From the historic market town of Northampton to the vibrant city lights of Peterborough, travel the Nene Valley and visit our beautiful bustling towns full of independent shops, places to eat and culture.
Higham Ferrers contains many historic buildings around the Market Square and College Street. The first Charter of 1251 was due to the Lord of the Manor, William de Ferrers, who created the Borough in order to promote a prosperous community at the gates of his castle, where people had begun to settle in numbers and to trade in the ancient market. Henry Chichele (c. 1364 – 12 April 1443) was born in Higham Ferrers. He was Archbishop of Canterbury and founded All Souls College, Oxford
Irthlingborough is an ancient settlement. Evidence of pre-historic and Roman occupation has been found, together with an Iron-Age hill-fort on Crow Hill, the second largest discovered in Northamptonshire. The Roman road from Lowick to Irchester passed through the parish. The Battle of waterloo was filmed in 1913 at Irthlingborough and was one of the biggest films of its day. It was made by an American named Charles Weston and he chose the location because the real Duke of Wellington, on visiting the area commented that the countryside resembled the battlefield at Waterloo.
Originating about 1100 as a walled town with a castle on the River Nene, Northampton was granted its first charter in 1189. Historically Northampton was known for its shoe and leather industry. The town is now an important retail and market centre.
Oundle, has been occupied continuously since the Iron Age. In Roman times there was an extensive settlement at Ashton, near the old railway station. The first written reference to Oundle occurs in Saxon times: the Venerable Bede writing in the eight century states that Saint Wilfrid died ‘in his monastery in the region of Oundle’. This suggests that Oundle was already a place of some importance. The town comprises many listed buildings, churches, restaurants, pubs, cafés and shops including two supermarkets.
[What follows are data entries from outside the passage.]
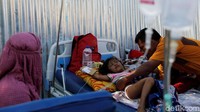 Seorang anak tengah menjalani perawatan. REUTERS/Beawiharta.
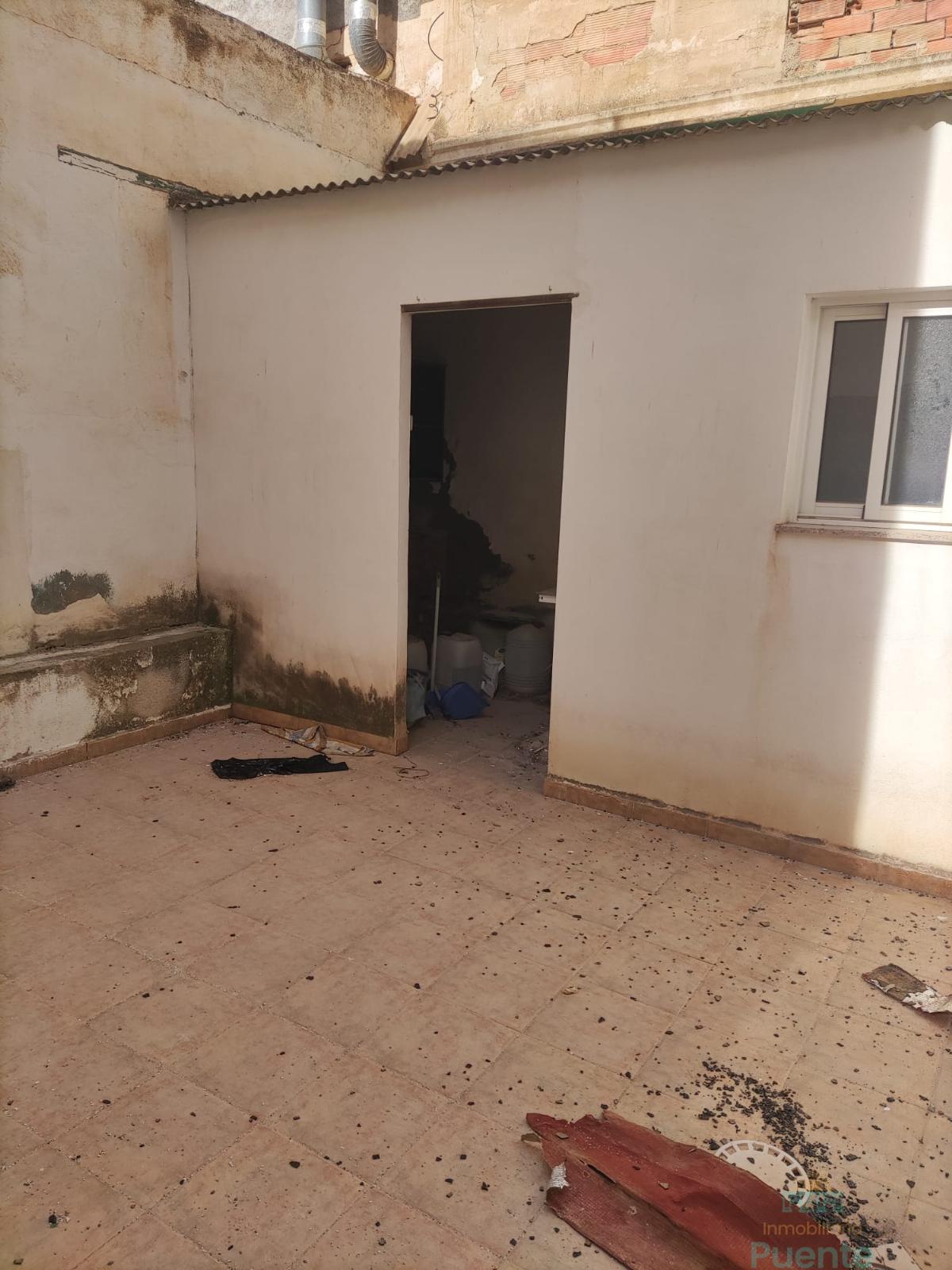 Venta de local comercial en Totana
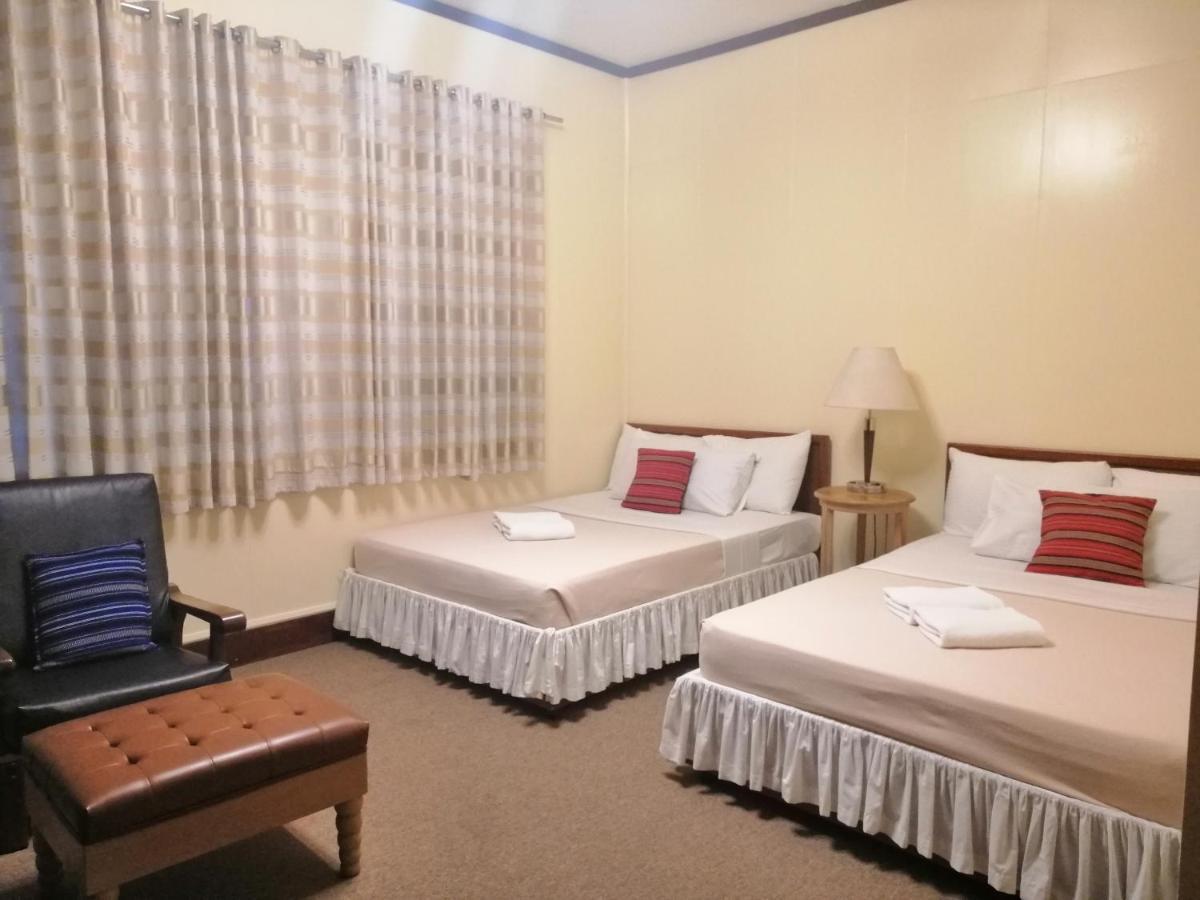 Mountain Lodge And Restaurant Baguio City Esterno foto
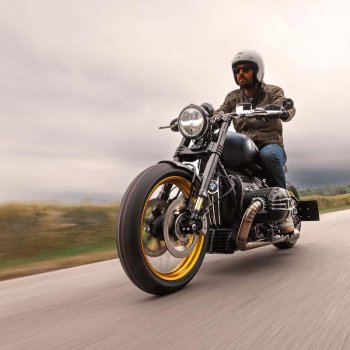 Kit de horquilla Ohlins USD + Placas y pies Unit Garage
In the mid-1980s, during sand excavations in the Nene Valley, the remains of a Roman villa were discovered. Excavation of the area, near Stanwick, was delayed by several years while archaeologists studied the remains. Raunds played a role in the boot and shoe industry until its decline in the 1950s and 1960s. In 1905 a dispute arose about wages to be paid to army bootmakers, which culminated in a march to London in May that year. Nearby Stanwick Lakes is a 750 acre countryside attraction and nature reserve located in the heart of the Nene Valley. There are extensive and imaginative play areas, open spaces and paths that families, walkers, cyclists and nature lovers can explore at leisure.
Set in the heart of the Nene Valley, Rushden town centre offers a wealth of independent businesses as well as well-known high street brands within an attractive late Victorian/ Edwardian setting, an enduring reminder of Rushden’s rise to prominence as a ‘boot and shoe’ town. Rushden Lakes offers an exciting new dimension to the town with 30 acres of high quality shopping, restaurants (and soon a 12-screen cinema) and opens up 214 acres of lakes for leisure activity in an area of outstanding natural beauty within the Nene Valley for everyone to explore and enjoy.
Thrapston has a late Bronze / early Iron Age ringworks, possibly a mini hill-fort, dating from around 700 – 800 BC which was partially excavated in the 1990s. In 1205 Baldwin de Vere, the Lord of the Manor, requested the permission of King John to hold a market in the town every Tuesday. King John awarded the market charter in return for two palfreys (small riding horses) and they are now represented on Thrapston’s civic badge and flag. The Charter is still celebrated in June every year, when the annual ‘Charter Fair’ is held on the High Street which is closed to traffic for most of the day. The earliest remains in the church date from mid-13th century although the earliest record is of monks from the Abbey at Bourne in Lincolnshire coming to serve the church around 1133AD.
The medieval town of Wellingborough housed a modest monastic grange – now the Jacobean Croyland Abbey – which was an offshoot of the monastery of Crowland (or Croyland) Abbey, near Peterborough, some 30 miles (48 km) down-river.